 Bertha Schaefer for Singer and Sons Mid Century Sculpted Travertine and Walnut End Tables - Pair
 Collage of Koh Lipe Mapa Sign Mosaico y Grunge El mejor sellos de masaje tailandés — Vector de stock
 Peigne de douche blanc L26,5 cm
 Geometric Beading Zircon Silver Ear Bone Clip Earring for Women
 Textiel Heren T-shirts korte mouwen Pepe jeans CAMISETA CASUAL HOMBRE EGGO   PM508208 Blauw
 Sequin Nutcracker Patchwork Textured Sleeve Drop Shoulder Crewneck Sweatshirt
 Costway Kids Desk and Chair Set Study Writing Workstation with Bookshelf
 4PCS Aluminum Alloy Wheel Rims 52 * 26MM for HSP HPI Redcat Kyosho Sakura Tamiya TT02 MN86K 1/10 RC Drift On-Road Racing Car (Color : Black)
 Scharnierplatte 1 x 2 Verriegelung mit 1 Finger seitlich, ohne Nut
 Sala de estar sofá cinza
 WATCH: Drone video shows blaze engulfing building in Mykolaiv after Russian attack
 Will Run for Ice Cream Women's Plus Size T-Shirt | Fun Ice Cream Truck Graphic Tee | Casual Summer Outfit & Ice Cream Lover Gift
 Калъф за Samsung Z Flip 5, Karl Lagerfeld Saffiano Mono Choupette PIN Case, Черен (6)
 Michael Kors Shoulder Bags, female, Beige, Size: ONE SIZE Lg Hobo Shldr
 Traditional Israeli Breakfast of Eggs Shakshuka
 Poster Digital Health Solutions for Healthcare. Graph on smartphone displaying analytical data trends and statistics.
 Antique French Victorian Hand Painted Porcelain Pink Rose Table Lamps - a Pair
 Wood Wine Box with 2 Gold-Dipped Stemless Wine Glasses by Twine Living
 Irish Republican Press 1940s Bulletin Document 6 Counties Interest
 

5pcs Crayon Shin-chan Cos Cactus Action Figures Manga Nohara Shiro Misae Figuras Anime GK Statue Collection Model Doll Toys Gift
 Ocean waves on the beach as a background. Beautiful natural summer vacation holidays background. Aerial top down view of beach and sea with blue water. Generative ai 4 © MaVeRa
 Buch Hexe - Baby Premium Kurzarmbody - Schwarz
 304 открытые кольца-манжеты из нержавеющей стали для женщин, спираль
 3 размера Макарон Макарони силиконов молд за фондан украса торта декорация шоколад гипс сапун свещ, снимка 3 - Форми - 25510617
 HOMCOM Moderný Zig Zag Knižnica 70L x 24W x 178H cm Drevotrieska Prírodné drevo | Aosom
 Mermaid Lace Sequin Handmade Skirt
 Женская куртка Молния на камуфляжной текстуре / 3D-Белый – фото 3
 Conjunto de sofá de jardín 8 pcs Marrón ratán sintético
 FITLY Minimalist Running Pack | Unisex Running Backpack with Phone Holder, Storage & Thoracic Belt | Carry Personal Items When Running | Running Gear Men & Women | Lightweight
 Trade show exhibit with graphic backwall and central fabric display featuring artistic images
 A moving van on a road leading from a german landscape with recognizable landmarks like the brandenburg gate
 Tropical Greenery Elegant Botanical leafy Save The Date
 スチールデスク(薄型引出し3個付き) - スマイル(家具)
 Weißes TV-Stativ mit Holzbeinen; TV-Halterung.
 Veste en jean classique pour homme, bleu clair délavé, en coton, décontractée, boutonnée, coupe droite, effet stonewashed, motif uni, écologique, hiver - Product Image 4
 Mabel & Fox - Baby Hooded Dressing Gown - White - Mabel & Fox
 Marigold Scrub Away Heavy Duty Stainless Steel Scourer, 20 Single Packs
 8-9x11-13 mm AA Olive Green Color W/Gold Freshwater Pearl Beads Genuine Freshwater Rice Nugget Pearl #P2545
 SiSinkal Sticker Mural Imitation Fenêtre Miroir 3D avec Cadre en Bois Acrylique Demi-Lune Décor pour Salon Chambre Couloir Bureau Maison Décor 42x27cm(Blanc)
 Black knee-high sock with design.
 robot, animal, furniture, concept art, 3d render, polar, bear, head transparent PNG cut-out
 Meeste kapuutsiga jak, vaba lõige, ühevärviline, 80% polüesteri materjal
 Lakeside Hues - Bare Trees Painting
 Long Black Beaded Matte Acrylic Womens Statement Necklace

# [What you should do]
Nothing but the lines from the one with "Lakeside Hues - Bare Trees Painting" through the last line of the entries should be repeated, and those exactly.

# [Solution to the exercise]
 Lakeside Hues - Bare Trees Painting
 Long Black Beaded Matte Acrylic Womens Statement Necklace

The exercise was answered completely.